Marriage certificates (original and translated)
Photos, phone bills, skype screen prints
Old tenancy agreement, utility bills, council tax (in both our names)


----------



## Joppa (Sep 7, 2009)

The letter is quite good. Slightly less details will make it more readable. Include a little about shared interest, belief and philosophy - factors which you think will make it more durable. Applicant's letter can follow similar theme, written from own standpoint.

Your supporting documents look basically ok too. Job contract is missing. P60 is needed if it even partly covers the period of employment you are relying on (in which case you must staple a note explaining why it doesn't reflect the full financial situation you are using). House inspection report may help. Include some travel receipts of trips taken together. Applicant's bank statement isn't necessary.


----------



## Lizzie_G (Sep 17, 2013)

Is this kind of letter necessary for a spouse visa application, or is it just helpful "just in case"? 
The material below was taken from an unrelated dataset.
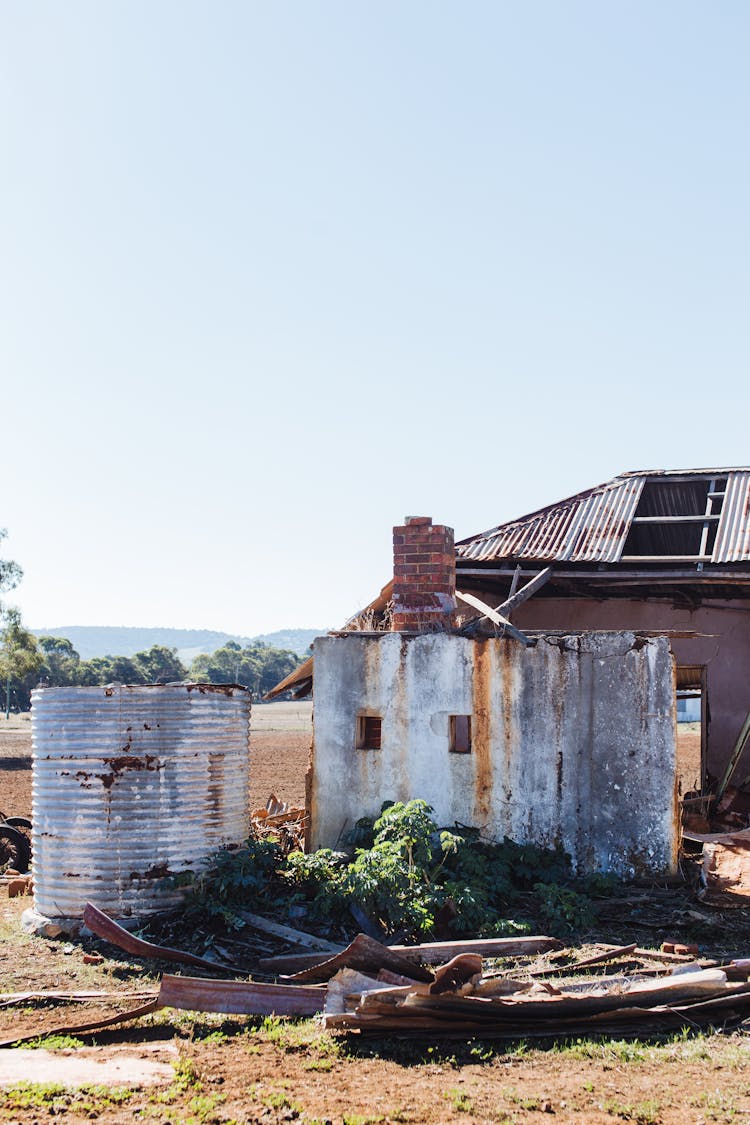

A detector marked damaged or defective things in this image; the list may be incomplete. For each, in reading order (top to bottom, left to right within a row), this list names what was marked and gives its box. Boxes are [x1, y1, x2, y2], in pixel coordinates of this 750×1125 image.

rusty corrugated sheet [458, 476, 648, 564]
rusty corrugated sheet [712, 474, 750, 564]
rusted chimney [394, 520, 458, 636]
I have an appointment coming up to apply for my spouse visa and had not thought to include something like this, though I still have time to do so if necessary. 

Thanks,

Liz


----------



## Joppa (Sep 7, 2009)

It's highly recommended. It gives you a chance to convey the flavour of your relationship and also to explain one or more aspects of your relationship which you want ECO to take into account (for example, how pressure of work meant having to cut down on trips abroad to see your partner, and that it's not a reflection of lack of commitment and devotion).


----------



## Ukdavid (Oct 9, 2013)

Joppa said:


> The letter is quite good. Slightly less details will make it more readable. Include a little about shared interest, belief and philosophy - factors which you think will make it more durable. Applicant's letter can follow similar theme, written from own standpoint.
> 
> Your supporting documents look basically ok too. Job contract is missing. P60 is needed if it even partly covers the period of employment you are relying on (in which case you must staple a note explaining why it doesn't reflect the full financial situation you are using). House inspection report may help. Include some travel receipts of trips taken together. Applicant's bank statement isn't necessary.
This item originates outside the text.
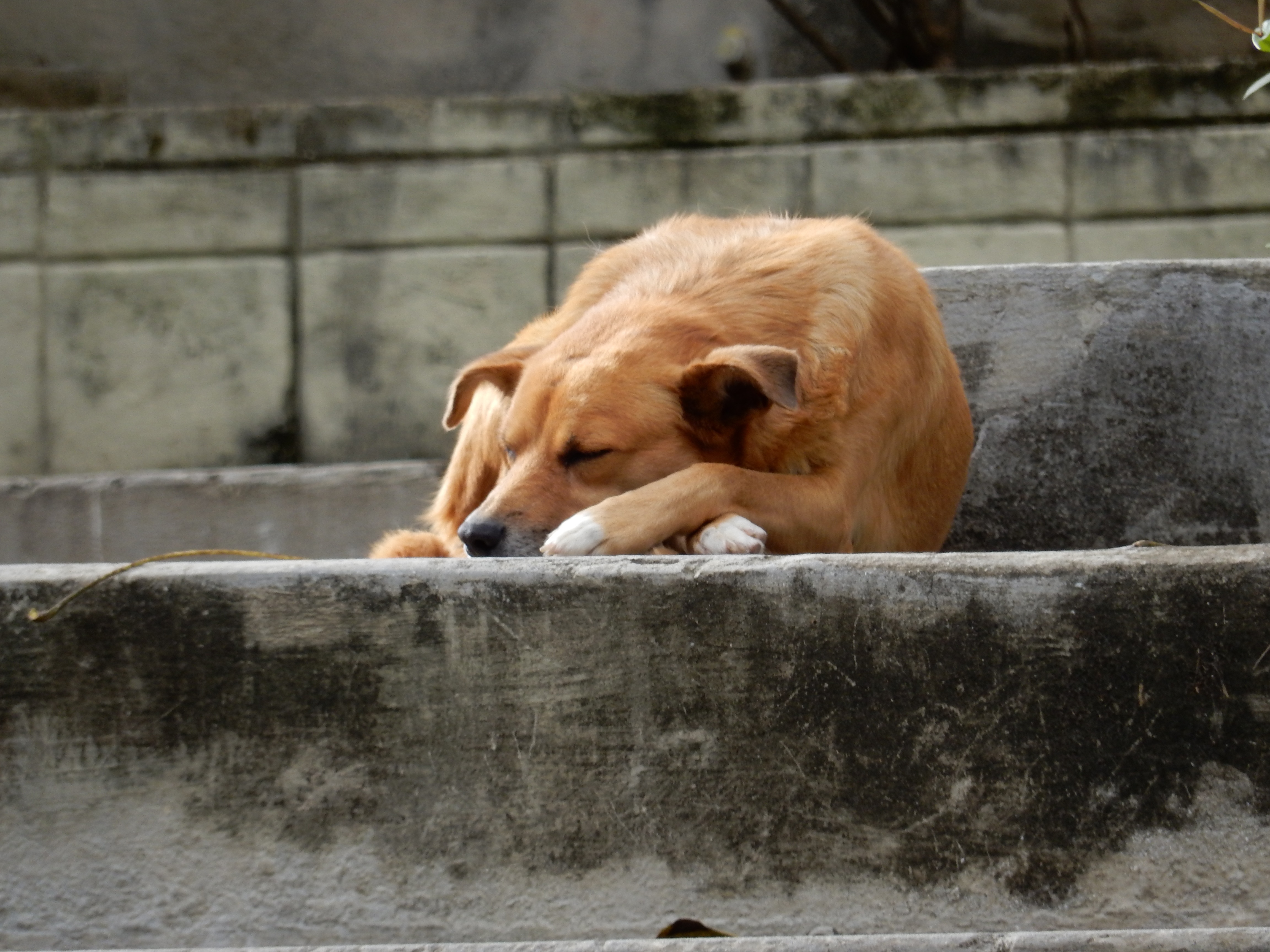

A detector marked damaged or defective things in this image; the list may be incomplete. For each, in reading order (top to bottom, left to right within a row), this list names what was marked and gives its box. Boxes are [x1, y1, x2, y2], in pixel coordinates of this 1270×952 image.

cracked concrete edge [17, 934, 1270, 952]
Thanks for your feedback Joppa, I'm to glad to hear our application is going in the right direction.

I will make some changes to my letter...
I will also include my most recent P60....regarding my employment contract, is that necessary? It's just that I've had a job roll change and a pay rise but I'm still waiting for a revised contract and I don't know where my original one has gone.
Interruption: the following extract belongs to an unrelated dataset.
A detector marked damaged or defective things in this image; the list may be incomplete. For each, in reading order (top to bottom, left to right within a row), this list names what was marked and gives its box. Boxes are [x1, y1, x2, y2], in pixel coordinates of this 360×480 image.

The employment letter I've included explains how much I earn, how long I've earned that amount, how long I've been employed and states I'm on a permanent contract. Would this be sufficient?

Dave


----------



## Joppa (Sep 7, 2009)

Well, contract is one of the required documents and should be supplied. If you can't, you should attach an explanatory note, preferably by your employer. Many people have had their application rejected or negatively affected for lack of a document, so one ought to be thorough in providing what is being asked.


----------



## Ukdavid (Oct 9, 2013)

Joppa said:


> Well, contract is one of the required documents and should be supplied. If you can't, you should attach an explanatory note, preferably by your employer. Many people have had their application rejected or negatively affected for lack of a document, so one ought to be thorough in providing what is being asked.



Thanks jobba...I'll get a copy from my employer asap.


----------